It was a lovely late-October day yesterday, just the sort of thing I’m seldom prepared for in September. With the temperature at sunrise in the upper 40s and then failing to break 70 all day, about ten degrees Fahrenheit below the seasonal norm, but with 80s and possibly 90 promised for the weekend, I was unwilling to crank up the furnace. (Besides, I’d just written a check for a sub-$20 gas bill, and I know I’m going to miss those.)
What to do? The brainstorm finally arrived: run the oven’s cleaning cycle and let the residual warmth waft through the premises. I couldn’t remember when I’d done it last, so I fished out the manual and looked at the back cover, where I habitually record the last service date.
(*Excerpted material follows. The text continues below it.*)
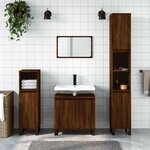 vidaXL Armoire de bain chêne marron 58x33x60 cm bois d'ingénierie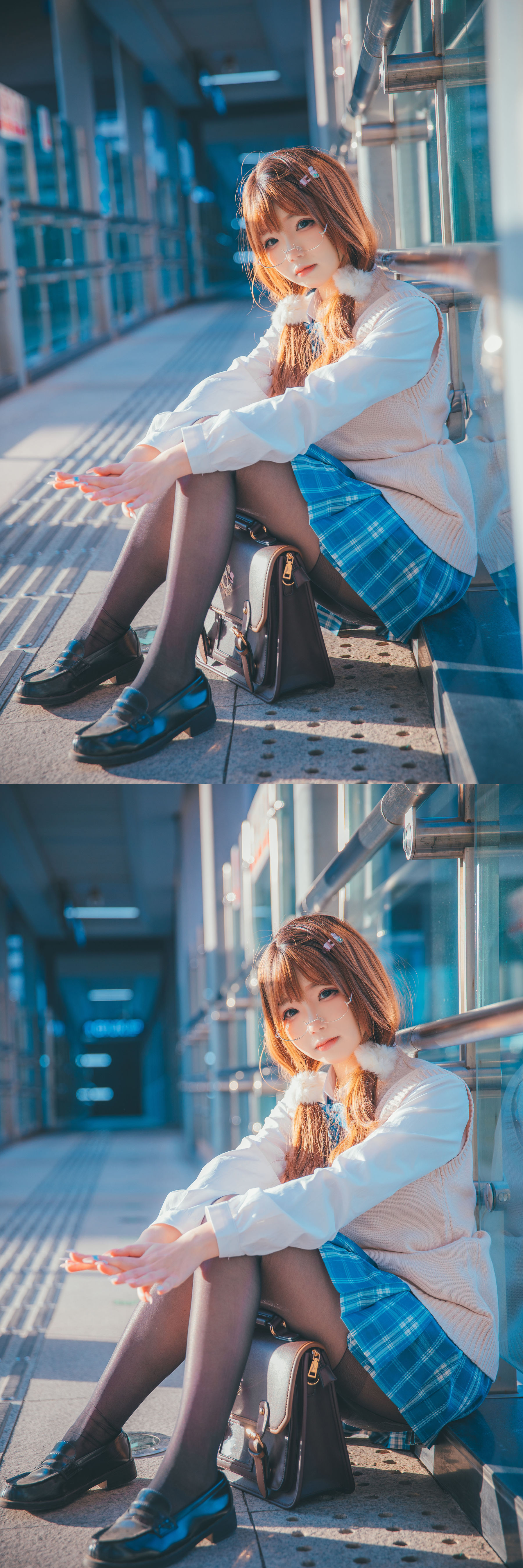[福利COS] 动漫博主雪晴Astra - JK夕阳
Which was blank, which means I’ve never cleaned this sucker in the six years I’ve been here. “It didn’t look filthy,” I thought, and banishing thoughts of Sylvia Plath, I took a look inside. And it really wasn’t filthy: there was a little bit of scuzz across the bottom, and a fair amount of gunk on the door, but that’s it.
Then it occurred to me that I really should RTFM, and found this curt little note:
Soil on the front frame and outside the gasket on the door liner will need to be cleaned by hand.
Okay, fine. ScotchBrite in hand, I scraped off said soil, wiped up the residue, latched the door, and hit the magic switch. The stench was amazing: I had to fire up the attic fan, which basically defeated the whole idea of basking in the warmth.
And then I wondered: how much had this little experiment cost? The house was actually fairly warm when the cycle completed, up about 2.5 degrees from when it started despite the attic fan. I did the math: 3000 watts X 4.25 hours = 13 kwh = about $1.10 at the current (sorry about that) rate. I might have been able to run the furnace for less than that.
But no matter. The oven is clean. The burner pans, on the other hand, are kinda grungy, but they don’t have a cleaning mechanism other than good old elbow grease.